Celebrate / The Stationery


Escort Cards Get Creative

Escort cards with high-design set pieces make bold first impressions.

BY September 26, 2022
(Courtesy Anna Lucia Events/KT Merry)

Finding your table at an event used to be as modest as picking up a white, tent-shaped escort card featuring your name and table number. Now, they’re seen as an opportunity to make a captivating first impression. “Escort card displays are the chance to create a ‘wow’ factor,” Carrie Darling, owner and designer of Naples-based Carrie Darling Events, says. “We like to build anticipation.”

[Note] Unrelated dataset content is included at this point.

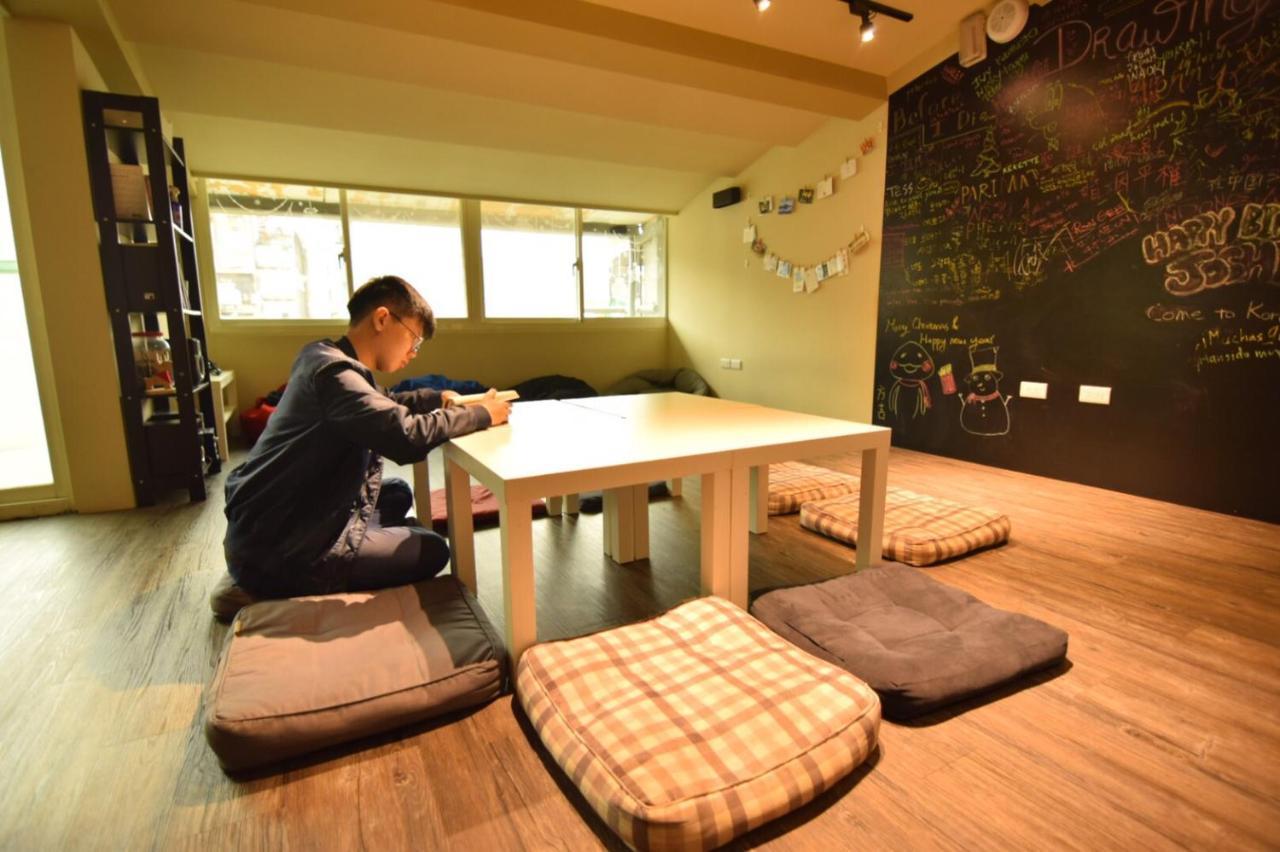 Taipei Oxygen Hostel Exterior foto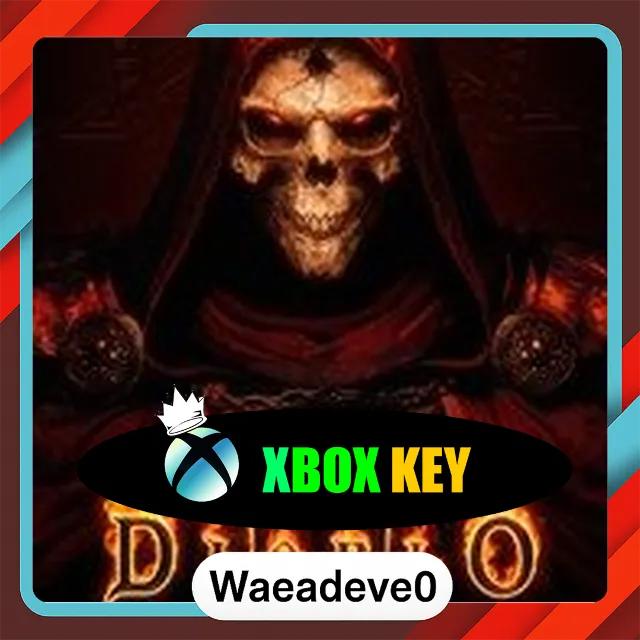 Diablo II: Resurrected (Xbox Series X/S) XBOX LIVE Key GLOBAL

Carrie often dreams up 3D escort card walls. Recently, for a golf-pro groom, she fashioned a display wall from white turf with acrylic golf balls touting guests’ names and table numbers. For another event, she created a faux brick-panel wall to match the Italian-inspired architecture at the Mediterra venue, with names printed on individual bricks in fanciful calligraphy. “We added a fabric banner with their monogram along with beautiful growing vines and florals from Tom Trovato,” Carrie says.

Megan Miller, owner of Luster Designs, says the most memorable displays result from collaborations between vendors. She has teamed up with planners, designers and florists to create Instagram-worthy name cards, such as retro, coral-tasseled room keys for a penthouse micro-wedding on Marco Island and a library card catalog that guests flipped through to find their table assignment. “Escort cards have also transitioned into favors and drinks,” she says, pointing to examples of grab-and-go keepsakes, like personalized cutting boards and cocktail shakers.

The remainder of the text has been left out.